Amazon.com Inc, Artificial Intelligence MARS Conference

Amazon.com, Inc. organized an exclusive conference this week in Palm Springs, California, that focused on robotics, artificial intelligence (AI), space exploration, and home automation, according to Bloomberg Business and reports from attendees. The event was called MARS, which stands for Machine-Learning Automation, Robotics and Space Exploration.

Google inc artificial intelligence

Some of the guests on the invite-only list came from robotics companies such as Rethink Robotics, educational institutions like MIT, research institutes like ETH Zurich, and carmakers such as Toyota. Around 130 people were invited to the cozy affair.

Much of the event is still shrouded in mystery. Even Amazon has not confirmed that it even took place, but photos of the event are starting to emerge on platforms like Twitter. The co-founder of iRobot, Helen Greiner, tweeted about going to the event and meeting old friends and new machines.

According to Bloomberg Business, guests at the event attended seminars about topics such as giving human values to robots. In fact, robots were the subject of a number of different demos and talks.

The invitations for the event read: “Many great humans are attending (not to mention some extraordinary robots).” The event at the Parker Palm Springs resort was attended by Amazon CEO Jeff Bezos himself, who turned up on stage donning a robotic suit.

The conference reportedly featured celebrity appearances from film director Ron Howard and author Dan Brown. Attendees could watch robotic arms dueling with Star Wars light sabers and enjoy food and drinks served on Kiva robots. They were invited to make their own axes and use them to split wood, and they also got the chance to try out virtual reality devices.

 Why did Amazon keep the event a secret?

The real question here is why was the conference such a big secret? Amazon  has never tried to hide its keen interest in these fields, particularly robotics, and Jeff Bezos is the founder and backer of commercial space exploration firm Blue Origin.

Last year, Amazon held a robotics challenge to help develop machines that can help with order fulfillment, and their warehouses make use of robots. Amazon’s Echo bluetooth speakers are equipped with voice assistant Alexa, who can help users with tasks lime dimming their lights, playing music, and ordering pizza.

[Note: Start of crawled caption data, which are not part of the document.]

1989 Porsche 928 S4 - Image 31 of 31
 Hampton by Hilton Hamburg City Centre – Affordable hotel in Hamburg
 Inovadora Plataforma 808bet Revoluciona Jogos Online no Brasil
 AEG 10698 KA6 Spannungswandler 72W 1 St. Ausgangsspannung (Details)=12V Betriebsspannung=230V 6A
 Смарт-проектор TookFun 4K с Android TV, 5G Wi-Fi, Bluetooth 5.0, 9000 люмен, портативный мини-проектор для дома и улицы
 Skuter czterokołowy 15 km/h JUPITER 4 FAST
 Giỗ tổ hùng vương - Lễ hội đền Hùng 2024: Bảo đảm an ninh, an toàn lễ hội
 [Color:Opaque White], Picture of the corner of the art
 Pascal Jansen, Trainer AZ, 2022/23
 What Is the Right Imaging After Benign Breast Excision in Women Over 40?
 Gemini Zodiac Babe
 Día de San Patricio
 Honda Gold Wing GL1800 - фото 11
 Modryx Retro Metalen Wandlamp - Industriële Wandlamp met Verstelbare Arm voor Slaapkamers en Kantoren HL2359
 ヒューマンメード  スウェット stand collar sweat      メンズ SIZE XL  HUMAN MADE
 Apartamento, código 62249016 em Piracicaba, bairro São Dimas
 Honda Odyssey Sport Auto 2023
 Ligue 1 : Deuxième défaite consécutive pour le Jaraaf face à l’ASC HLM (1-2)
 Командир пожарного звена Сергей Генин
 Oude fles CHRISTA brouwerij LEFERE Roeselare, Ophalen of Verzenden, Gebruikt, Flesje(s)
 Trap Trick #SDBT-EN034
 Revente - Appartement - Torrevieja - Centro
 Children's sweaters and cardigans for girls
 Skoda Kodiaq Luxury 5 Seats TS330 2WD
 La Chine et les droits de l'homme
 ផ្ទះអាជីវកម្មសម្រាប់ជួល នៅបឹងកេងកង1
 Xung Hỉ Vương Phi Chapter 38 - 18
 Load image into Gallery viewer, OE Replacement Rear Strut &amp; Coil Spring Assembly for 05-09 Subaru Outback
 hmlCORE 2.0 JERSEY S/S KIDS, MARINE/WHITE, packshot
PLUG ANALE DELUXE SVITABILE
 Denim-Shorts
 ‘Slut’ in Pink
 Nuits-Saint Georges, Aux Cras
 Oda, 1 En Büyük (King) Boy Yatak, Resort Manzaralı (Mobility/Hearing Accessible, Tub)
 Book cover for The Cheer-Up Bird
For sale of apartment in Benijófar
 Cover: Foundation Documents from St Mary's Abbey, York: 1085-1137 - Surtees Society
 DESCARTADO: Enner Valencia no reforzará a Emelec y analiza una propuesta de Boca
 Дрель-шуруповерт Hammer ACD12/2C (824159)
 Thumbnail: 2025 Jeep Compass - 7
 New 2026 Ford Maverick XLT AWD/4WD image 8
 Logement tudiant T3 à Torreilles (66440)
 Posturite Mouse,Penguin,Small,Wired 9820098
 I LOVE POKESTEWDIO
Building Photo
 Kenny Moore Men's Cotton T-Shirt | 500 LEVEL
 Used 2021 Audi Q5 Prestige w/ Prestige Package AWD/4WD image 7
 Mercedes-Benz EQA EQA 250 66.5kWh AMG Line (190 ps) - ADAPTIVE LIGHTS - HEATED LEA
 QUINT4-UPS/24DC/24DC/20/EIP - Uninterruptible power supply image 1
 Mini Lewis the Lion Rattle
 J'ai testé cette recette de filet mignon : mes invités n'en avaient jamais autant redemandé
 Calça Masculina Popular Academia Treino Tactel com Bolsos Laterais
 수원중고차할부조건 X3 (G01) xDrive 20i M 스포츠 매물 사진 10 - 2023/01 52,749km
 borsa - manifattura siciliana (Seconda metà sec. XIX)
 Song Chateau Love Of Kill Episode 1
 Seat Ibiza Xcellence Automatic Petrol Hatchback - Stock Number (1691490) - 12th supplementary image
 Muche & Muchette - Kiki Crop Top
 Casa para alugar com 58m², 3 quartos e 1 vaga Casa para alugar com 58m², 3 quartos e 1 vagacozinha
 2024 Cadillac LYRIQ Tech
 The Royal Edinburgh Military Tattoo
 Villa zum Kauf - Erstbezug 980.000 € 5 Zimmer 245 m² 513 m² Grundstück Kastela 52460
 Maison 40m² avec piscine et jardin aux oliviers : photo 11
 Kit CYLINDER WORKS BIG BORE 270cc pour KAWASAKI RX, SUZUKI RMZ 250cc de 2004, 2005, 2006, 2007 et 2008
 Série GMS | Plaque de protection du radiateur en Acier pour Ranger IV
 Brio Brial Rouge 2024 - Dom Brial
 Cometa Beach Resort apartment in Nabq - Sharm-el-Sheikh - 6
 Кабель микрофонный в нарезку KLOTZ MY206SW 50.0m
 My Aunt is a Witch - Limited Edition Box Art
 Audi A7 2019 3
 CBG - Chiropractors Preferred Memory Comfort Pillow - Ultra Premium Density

Is Amazon.com, Inc. (AMZN) looking to expand robotics operations?

There have been reports that Amazon might be interested in buying Google’s robots subsidiary Boston Dynamics, which recently posted a video clip of its robots picking up boxes and stacking them on shelves on YouTube.

Amazon already owns robots firm Kiva and uses more than 30,000 of its machines in its warehouse, although they are simpler than the anthropomorphic ones made by Boston Dynamics.

Amazon is one of a number of firms that believe that robots are going to become indispensable tools in the logistics world. Some speculate that they are looking to run their warehouses entirely by robots, but the firm is quick to stress that the robots will be the collaborative variety that work with humans rather than replacing them entirely.

An Amazon spokesperson told GeekWire last year: “There has been no job loss associated with the use of robotics in our buildings and in fact due to increased efficiencies, some of our buildings utilizing robotics have the highest headcounts in our network.”

Positive sign for investors

Amazon does tend to be somewhat secretive about its technology. Exclusive meetings are also not that unusual; the firm hosts Campfire meetings with authors once a year in New Mexico.

Nevertheless, the secretive nature of the robotics meeting has raised more than a few eyebrows and led observers to wonder what exactly Amazon has up its sleeve. Perhaps that’s what they were hoping for. It’s clear they are pushing forward in this field, which could give investors confidence in their long-term prospects. After all, the global robotics market is expected to grow almost 30 percent by 2019.